L’histoire se répète : dans les années 80, le réseau de communication informatique Bitnet (qui avait émergé d’un immense réseau interne à IBM) possédait une structure essentiellement pyramidale (ou arborescente) ; il finit par être détrôné par le réseau TCP/IP (l’internet actuel), qui possède un maillage bien plus libre. Aujourd’hui, toute personne ou organisme peut se raccorder à ce réseau, pour peu qu’elle ait les logiciels adéquats (et un fournisseur d’accès). Les ordinateurs qui s’y trouvent, même les plus petits, peuvent être utilisés dans leur temps libre pour des finalités collaboratives à l’échelle mondiale tels que les prédictions atmosphériques (le projet climateprediction.net), ou la recherche de pulsars par l’entremise de logiciels tels que BOINC.

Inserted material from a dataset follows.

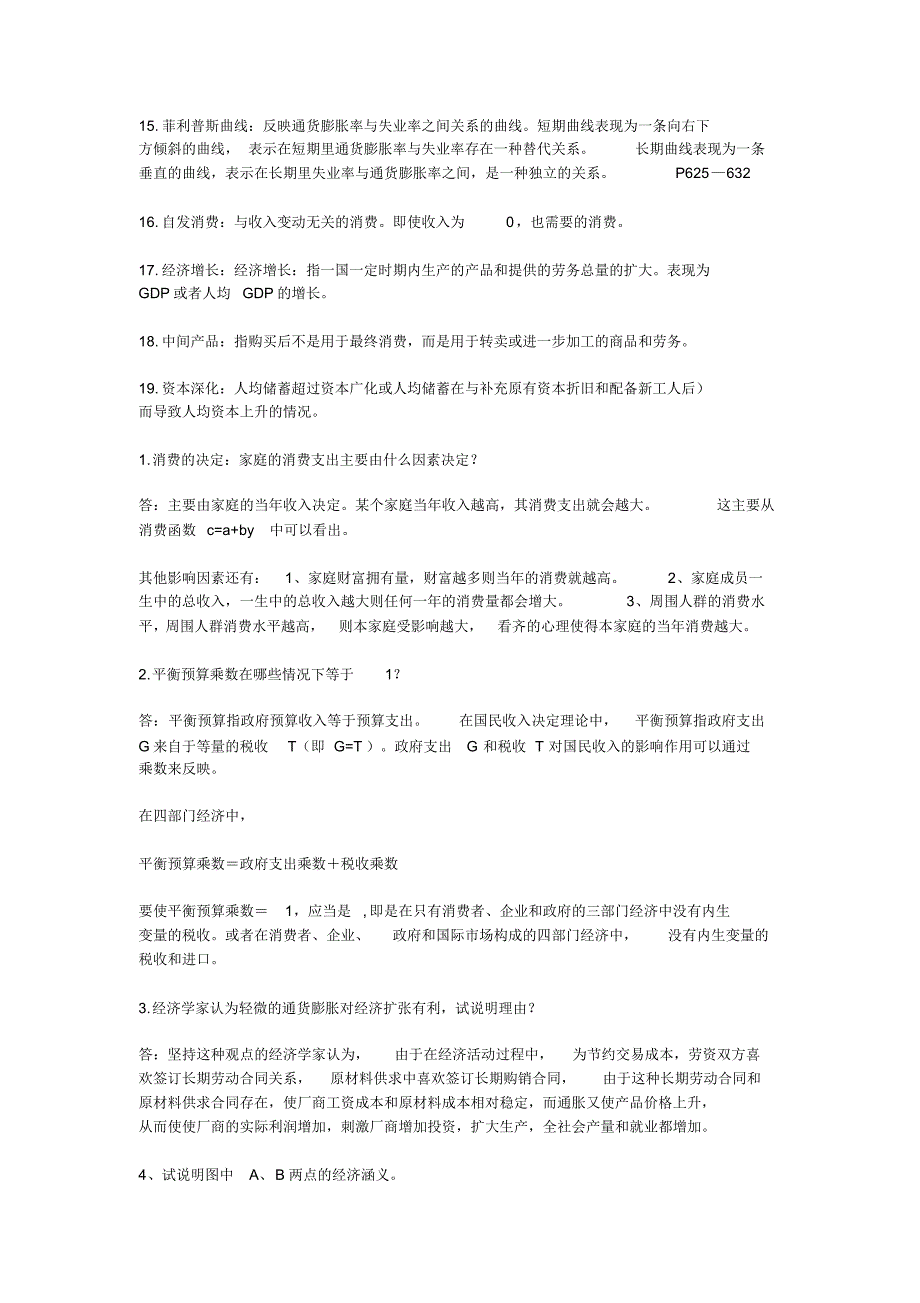 宏观经济学复习重点【高鸿业版】_第2页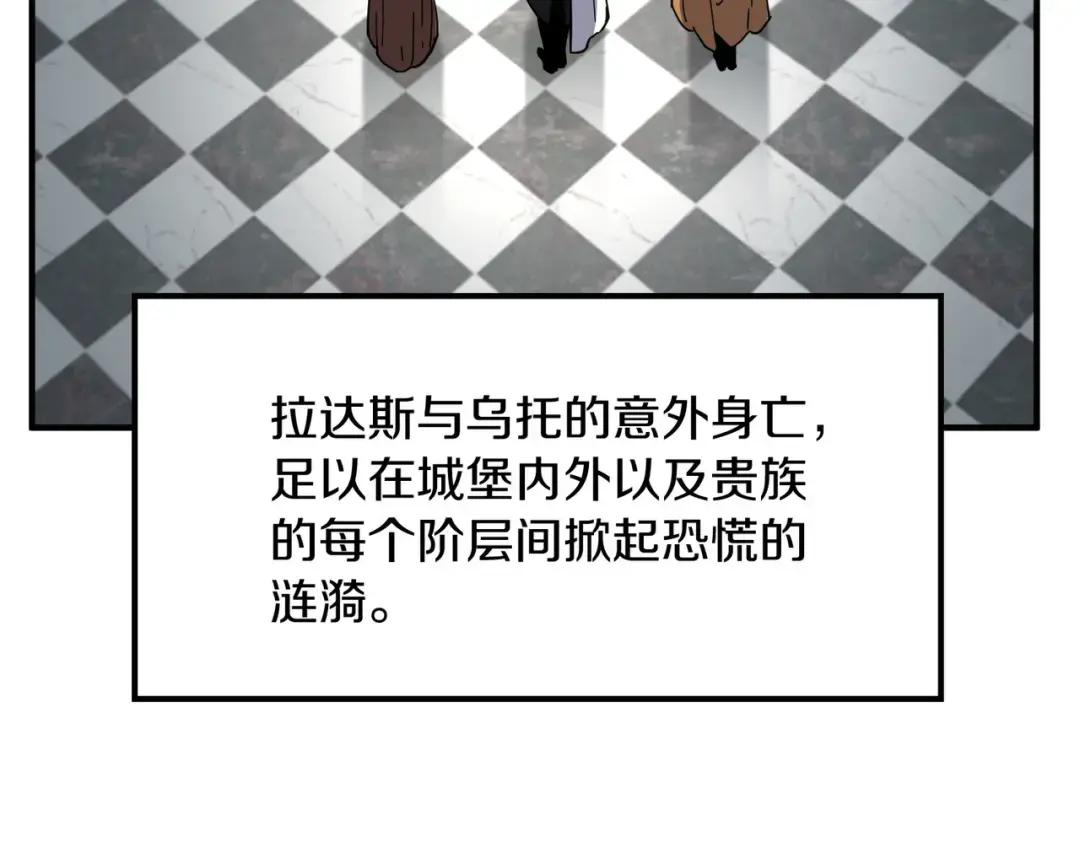 第7季237话 证词 第46页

Je verrai bien la bibliothèque européenne du futur sous forme d’un réseau dynamique permettant le raccordement de bibliothèques petites et grandes – certifiées, c’est essentiel (autant pour la « validité » des fonds que l’adéquation technique) –, avec leurs fonds numérisés (qu’ils auraient constitués selon leurs propres critères), s’intégrant facilement dans un maillage (utilisant probablement des protocoles de type OAI plutôt que Z39.50) qui offrirait, entre autres outils, recherche dans les contenus et accès réparti (DOI ?) à l’ensemble des fonds ainsi disponibles, de façon répartie.

Je préférerais bien évidemment ce modèle plus dynamique à celui dans lequel les petites institutions auraient à « déléguer » leurs fonds numériques à de plus grandes institutions, qui seraient les seules à décider du choix des documents qui feraient partie de « la » collection européenne – qui n’est pas sans rappeler le modèle que semble viser actuellement Google pour les fonds universitaires qu’il veut numériser et héberger. Un tel modèle ne réduit pas le rôle des bibliothèques nationales, plus à même d’établir un tel dispositif (ouvert, et qui ne se réduise pas uniquement à elles), et qui ont la charge et les moyens de conservation (physique et numérique) à long terme pour assurer la pérennité du patrimoine (en utilisant, pour le numérique, OAIS par exemple).

À l’inverse, je le préfère aussi à celui de Jacques Attali, qui débattait hier sur ce sujet avec Jean-Noël Jeanneney sur France Culture, et qui défendait essentiellement le modèle Google, dans une vision idyllique du livre numérique disponible partout, qu’on lit en payant à la carte et qu’on imprime chez soi (bonjour le prix du papier et la mort plus rapide des forêts), l’internet devenant la bibliothèque du futur hors toute autorité centralisée, et sur laquelle je m’étais déjà exprimé il y a plusieurs années.

Entre temps, Google avance.


1 Datée du 15 mai 2005 [note du 11 novembre 2005].